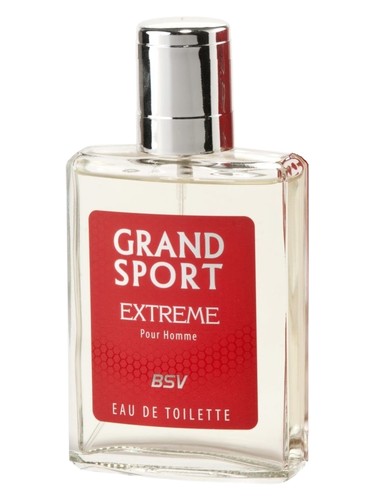عطر ادکلن گرند اسپورت اکستریم نینِل پرفیوم - Grand Sport Extreme Ninel Perfume - بررسی، قیمت و خرید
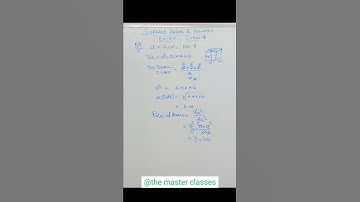 CH-13.5,Q8 | CLASS-9 |MATHS #shorts #maths #class9 #chapter13 #ncert #ytshorts #ex13.5 #q8 #trending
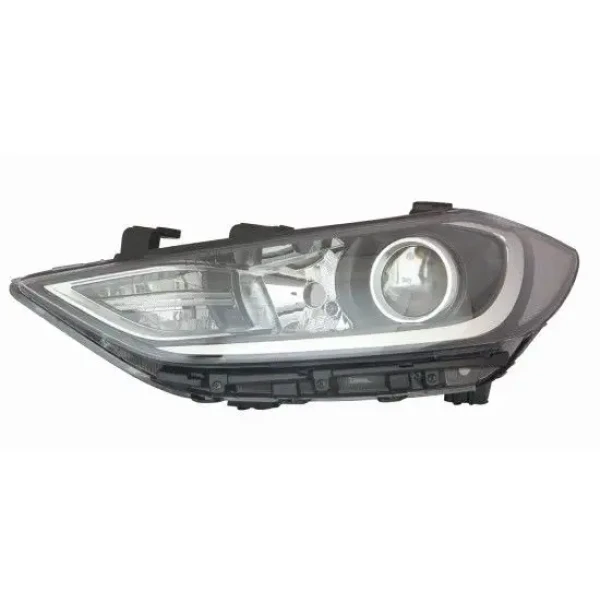 DEPO Ön Far (Sol) – 121-1116L-LEBM2 / OEM 92101F2000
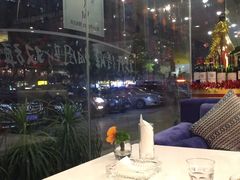 -富隆酒窖(天河北店)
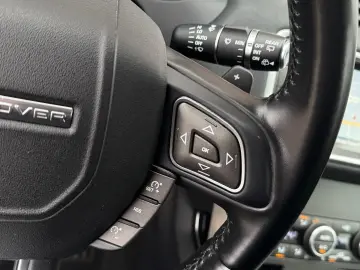 Land-Rover Range-Rover-Evoque Gen-I-2012-2018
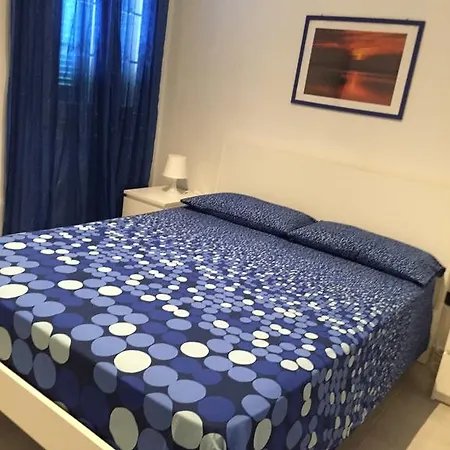 Baia 아파트 갈리폴리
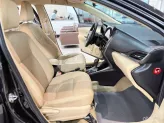 Toyota Vios 1.5 G CVT 2021 - Odo 7v cực đẹp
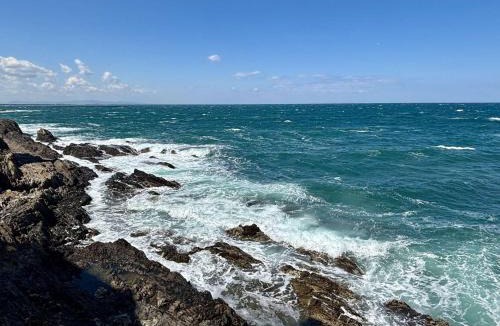 Collioure Apartment | Studio cabine Collioure 33m² - 3 pers avec vue mer - FR-1-225-734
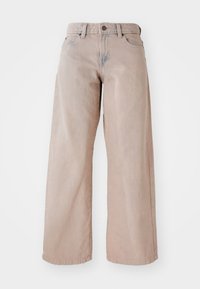 MECHANIC - Jeans baggy - winsome orchid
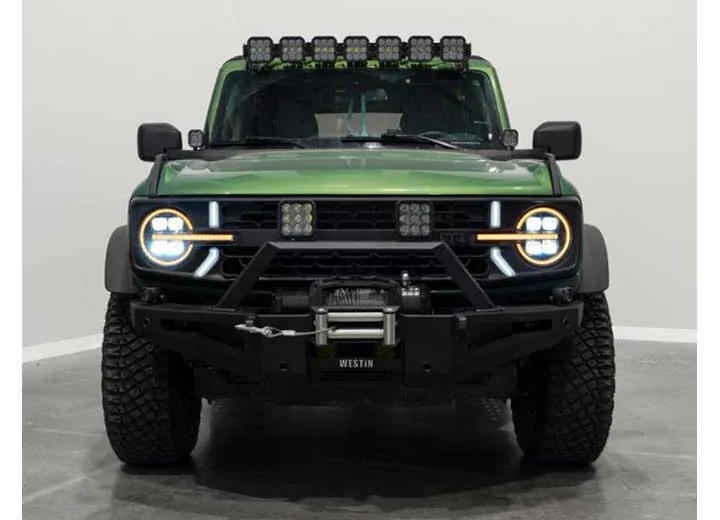 Ford Bronco I'm just here for a good time... DDYFL0020_V2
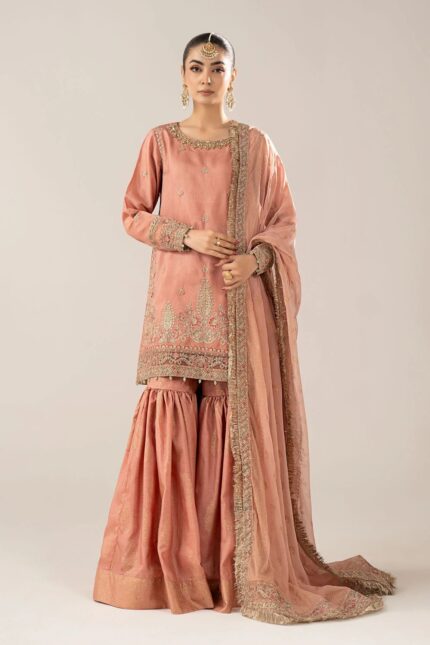Pakistani Luxury dresses Festive collection in UK online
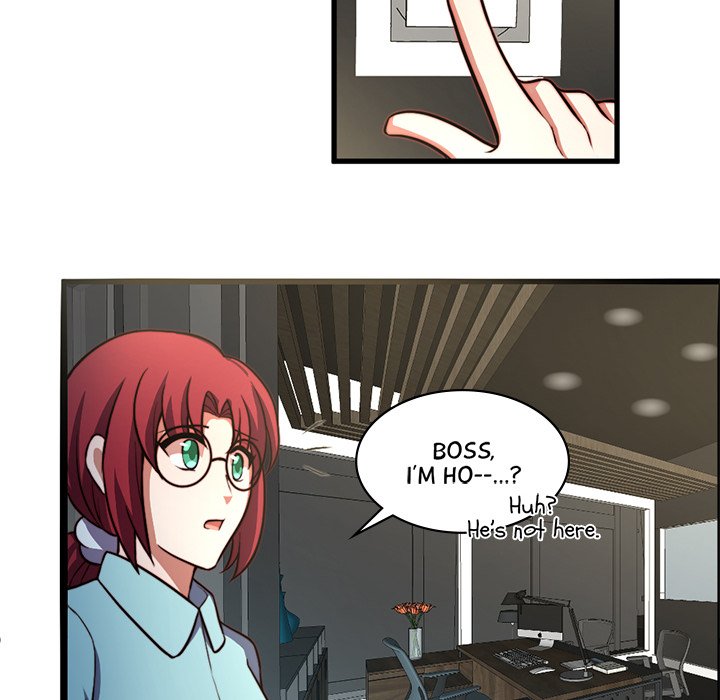 Sugar Daddy Sugar Daddy EP 19 - Toomics page 53 - 
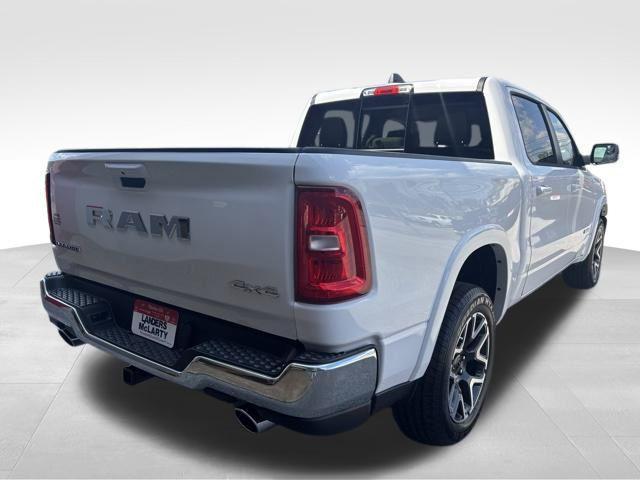 new 2026 Ram 1500 car, priced at $57,929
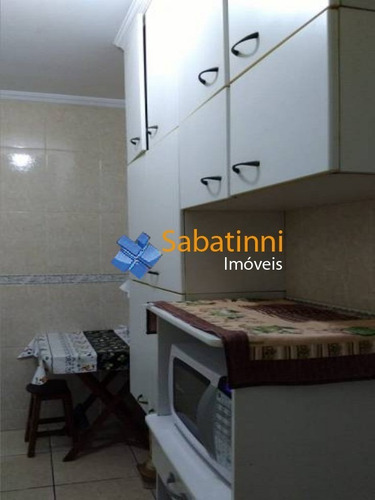 Imagem 14 de 22 de Apartamento A Venda Em Sp Brás - Ap05608 - 69920615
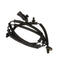 BWD ABS2466 ABS Wheel Speed Sensor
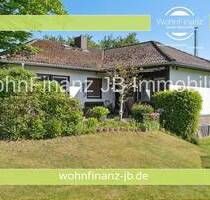 Ihr Start ins Eigenheim - Freistehendes Einfamilienhaus mit großem Garten in Braunschweig-Volkmarode - Braunschweig / Volkmarode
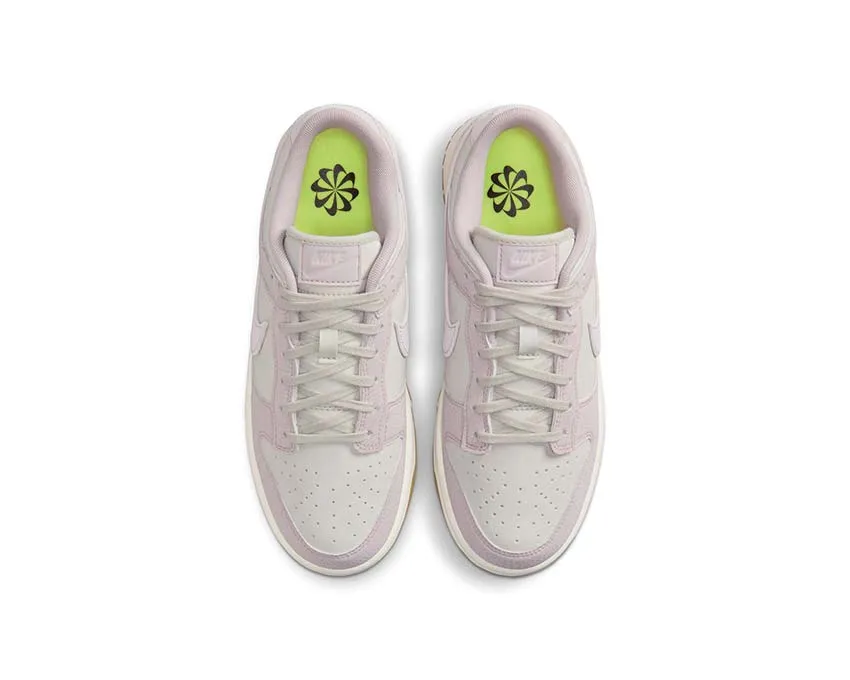 Nike Dunk Low Premium Next Nature W Stable Support Breath Comfort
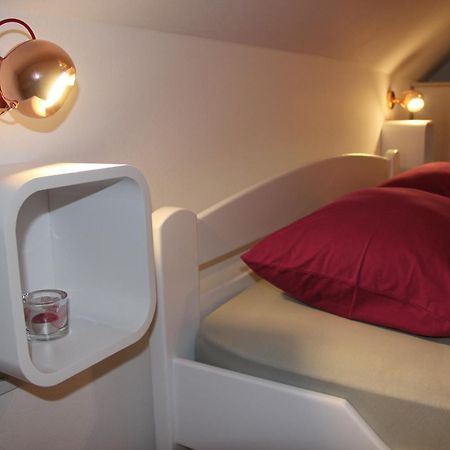 Filipa Apartment โกตอร์ ภายนอก รูปภาพ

- - -

What the task requires: Return only the lines running from the start of the entries above to the line that contains "MECHANIC - Jeans baggy - winsome orchid", inclusive, and omit every picture.

Response to the exercise:
عطر ادکلن گرند اسپورت اکستریم نینِل پرفیوم - Grand Sport Extreme Ninel Perfume - بررسی، قیمت و خرید
 CH-13.5,Q8 | CLASS-9 |MATHS #shorts #maths #class9 #chapter13 #ncert #ytshorts #ex13.5 #q8 #trending
 DEPO Ön Far (Sol) – 121-1116L-LEBM2 / OEM 92101F2000
 -富隆酒窖(天河北店)
 Land-Rover Range-Rover-Evoque Gen-I-2012-2018
 Baia 아파트 갈리폴리
 Toyota Vios 1.5 G CVT 2021 - Odo 7v cực đẹp
 Collioure Apartment | Studio cabine Collioure 33m² - 3 pers avec vue mer - FR-1-225-734
 MECHANIC - Jeans baggy - winsome orchid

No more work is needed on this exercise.